Para lo que sigue necesitará unos 400 mil pesos que hoy no tiene: una reconstrucción de párpado y diferentes tratamientos quirúrgicos para intentar revertir su parcial ceguera. Para pagar por esa cirugía, la familia de Helena abrió una campaña en la página Donadora para que buenos samaritanos donen entre 100 y 500 pesos para los servicios médicos de la joven universitaria.
Al mismo tiempo, la mamá y un amigo de Helena, ambos abogados, llevan el caso judicial: una carpeta de investigación está abierta en la Procuraduría General de Justicia de la Ciudad de México contra los autores materiales y el autor intelectual del crimen. Por cuestiones legales, Helena no puede nombrar al principal sospechoso, pero asiente cuando le pregunto si el presunto responsable sería un conocido. Parece el típico caso de un ataque con ácido por venganza.
«Yo tengo paz interior. Sé que no le hice daño a nadie, que esto que me hicieron no es consecuencia de una mala acción mía. Y aunque hubiera cometido un error, esto no se le hace a nadie», reflexiona.

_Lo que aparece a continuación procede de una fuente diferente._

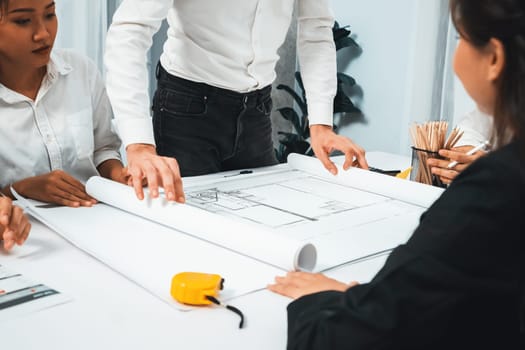 Diverse group of civil engineer and client working together on architectural project, reviewing construction plan and building blueprint at meeting table. Prudent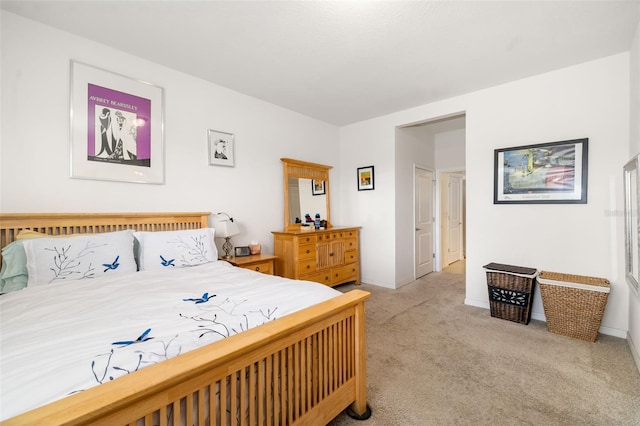 carpeted bedroom featuring baseboards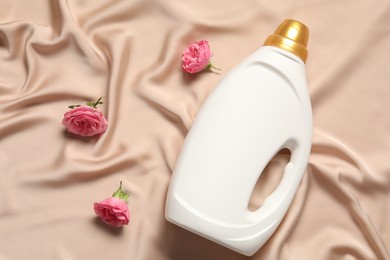Photo of Bottle of fabric softener and flowers on beige cloth, flat lay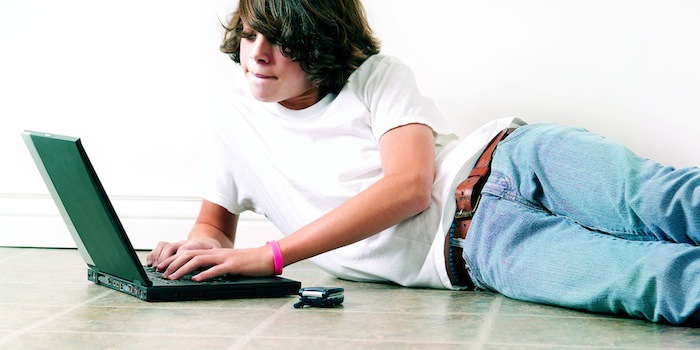 Teenage boy on floor using laptop
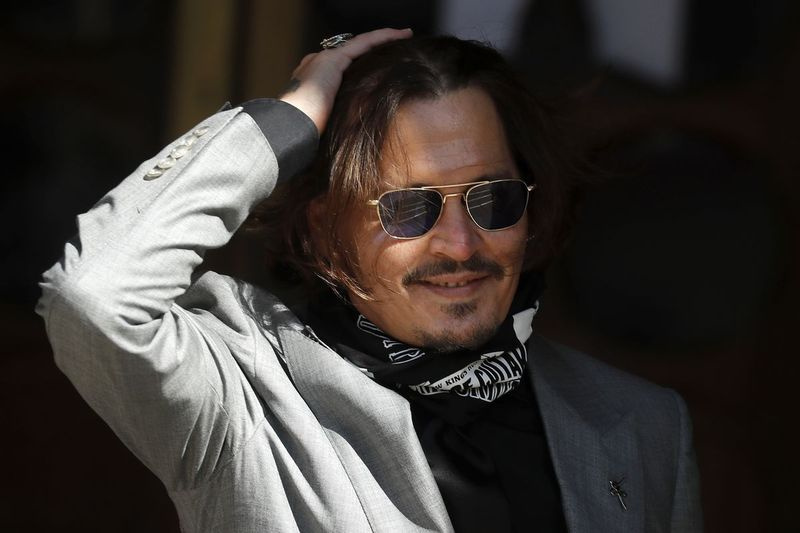 Acteur Johnny Depp arriveert in juli bij het Hooggerechtshof in Londen tijdens zijn zaak tegen News Group Newspapers vanwege een gepubliceerd verhaal over zijn voormalige vrouw Amber Heard, die hem een ​​vrouwenklopper noemde.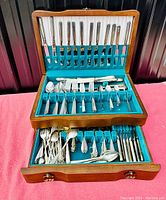 Full view of the wooden chest containing the three compartments filled with flatware items, showing the quantity and various types of utensils.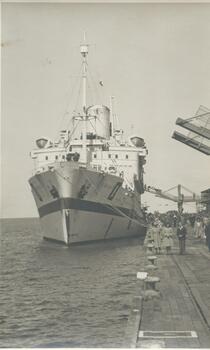 Photo shows the  "Oranje" bow when she was berthed at Princes Pier. You can also see the gangways connected to the arrival building and a. group of people having their photos taken in front of the ship. 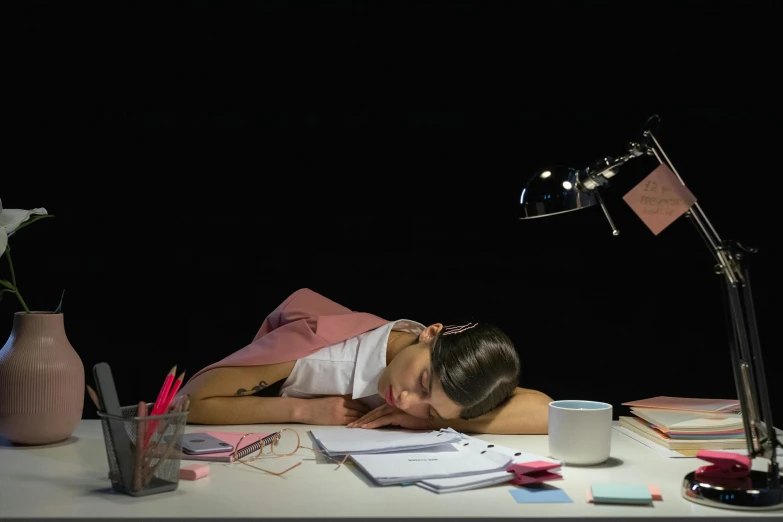 the woman lies down on a desk near a lamp, cup, and paper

Helena repasa en su celular las imágenes de los primeros días en el hospital, demasiado gráficas como para publicarlas en internet. «Pero de esta me voy a levantar. A mi esto no me va a arruinar la vida. Con ayuda de mi familia, mis amigos y la gente, estoy segura que pronto volveré a estudiar y a trabajar».
El día que conversamos es la segunda tarde que se ha animado a usar aretes. También, tiene pintadas las uñas. Sobre las cicatrices del pecho ha colgado un discreto collar y se esforzó para que su sudadera combinara con un gorro que le cubre la frente magullada. El ácido le desbarató la piel, pero no el orgullo propio.
«Yo le pediría a todas las mujeres que están pasando por esto que no tengan miedo y denuncien. Esto no puede seguir pasando», dice, sin perder la sonrisa.
Posa para la cámara y muestra las cicatrices que tiene en el rostro. «Tampoco me obsesiona quitármelas. Ya son parte de mi historia», dice y enseña otra marca permanente en su piel, ahora en el brazo izquierdo, el que no recibió tanto daño. Un tatuaje que dice, en tinta negra, «Patience».
«Paciencia, paciencia. Todo va a estar bien», susurra Helena y vuelve a sonreír, confiada en que vendrán tiempos mejores.